Geertz: Anti Anti Relativism

Geertz, Clifford. 1984

Pretty easy to read academic article. The title says it all: the piece explores in depth the attacks on relativism which are based upon a reversion to placing a universal form of knowledge at the top of a hierarchy. Just below that is morality. Geertz asserts that the two prime levers for doing this are "Human Mind" and "Human Nature."

The piece is an excellent example of professional writing which uses first person voice in places and engages in playful, sarcastic, and engaging tones. Similarly, he largely gives voice to the Anti Relativists before he pulls them apart. Very little discussion of Relativism takes place.

Key sections are second paragraph of 264: people spending too much time on what they do NOT believe; to question a universal truth often leads to being accused of not believing in anything.

page 270 Geertz covers the Anti R genre of child to adult as relativist to anti-relativist.

272 "There is the same tendency to see diversity as surface and universality as depth. And there is the same desire to represent one's interpretations not as constructions brought to their objects--societies, cultures, languages--in an effort, somehow, somehwat to comprehend them, but as quiddities of such objects forced upon our thought."


275 "Looking into dragons, not domesticating or abominating them, nor drowning them in vats of theory, is what anthropology has been all about."

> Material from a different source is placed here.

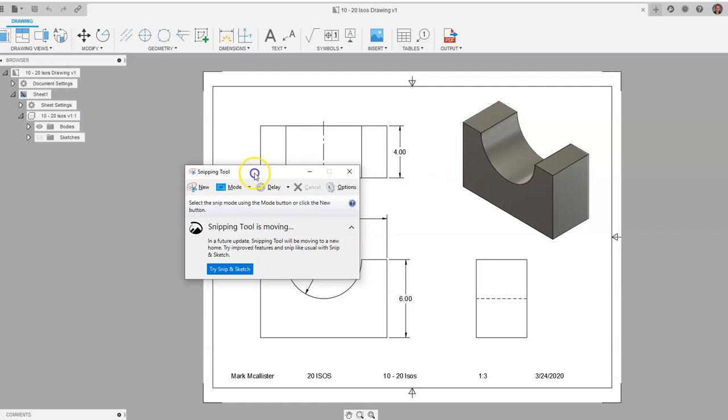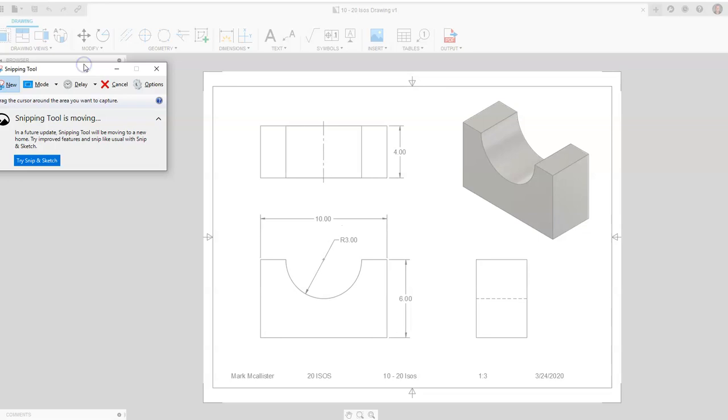When snipping tool shows up, you can click on new, and you will see your entire screen look like it is a watermark.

Could you adjust that and change dragons to persuasion and anthropology to rhetoric?

276 The final words:
The objection to anti-relativism is not that it rejects an it-s'all-how-you-look-at-it approach to knowledge or a when-in-Rome approach to morality, but that it imagines that they can only be defeated by placing morality beyond culture and knowledge beyond both. This, speaking of things which must needs be so, is no longer possible. If we wanted home truths, we should have stayed at home.